__Dataset__.

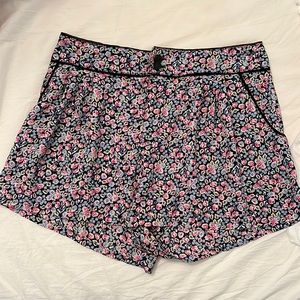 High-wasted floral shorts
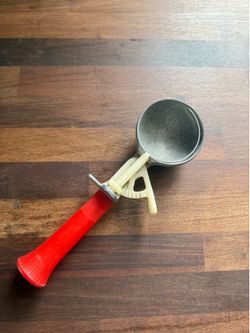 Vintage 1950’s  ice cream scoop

--

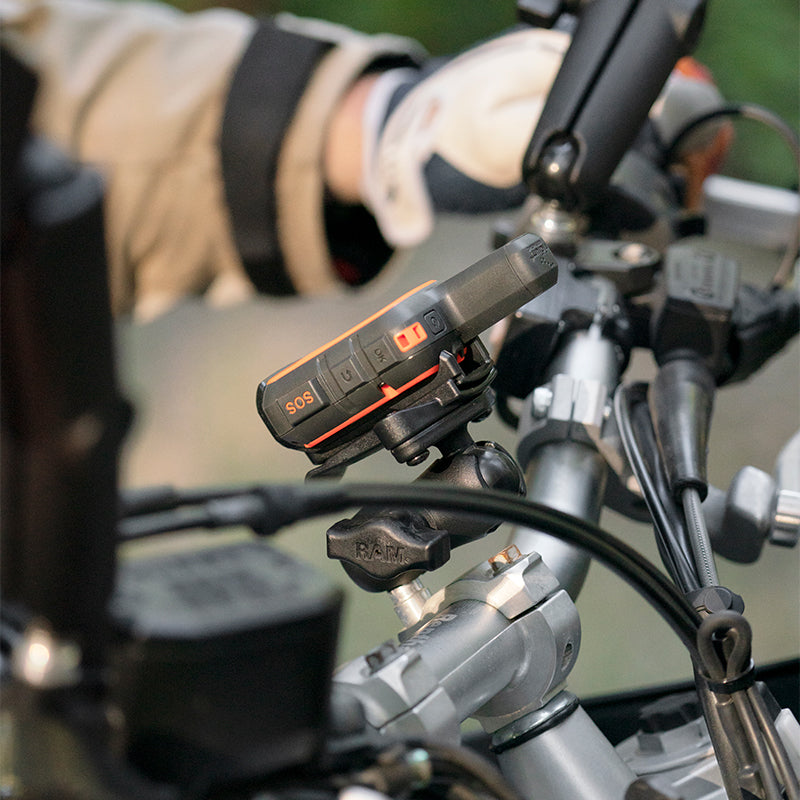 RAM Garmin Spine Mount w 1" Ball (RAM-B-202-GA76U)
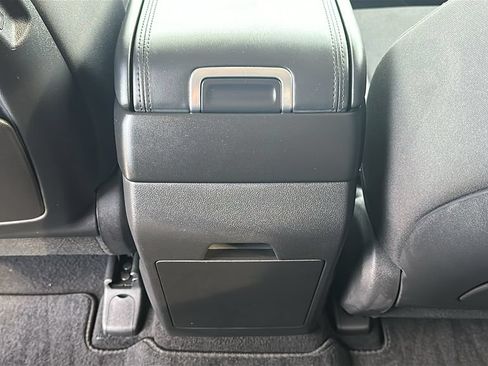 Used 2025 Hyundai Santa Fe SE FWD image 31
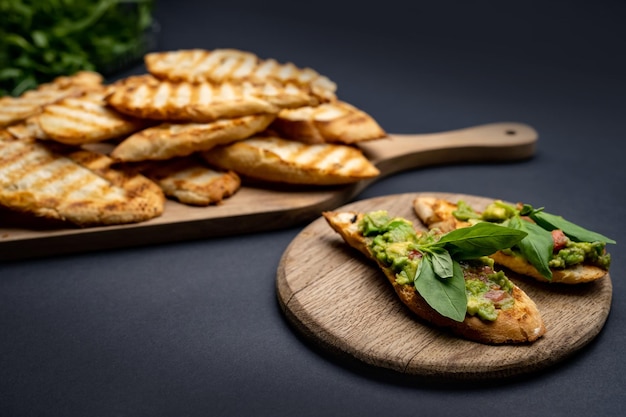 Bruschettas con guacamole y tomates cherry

__What the task requires__. Could you repeat, exactly, only the lines above starting at the one that has "High-wasted floral shorts" and stopping after the one that has "ice cream scoop", without the pictures?

__Finished exercise__.
 High-wasted floral shorts
 Vintage 1950’s  ice cream scoop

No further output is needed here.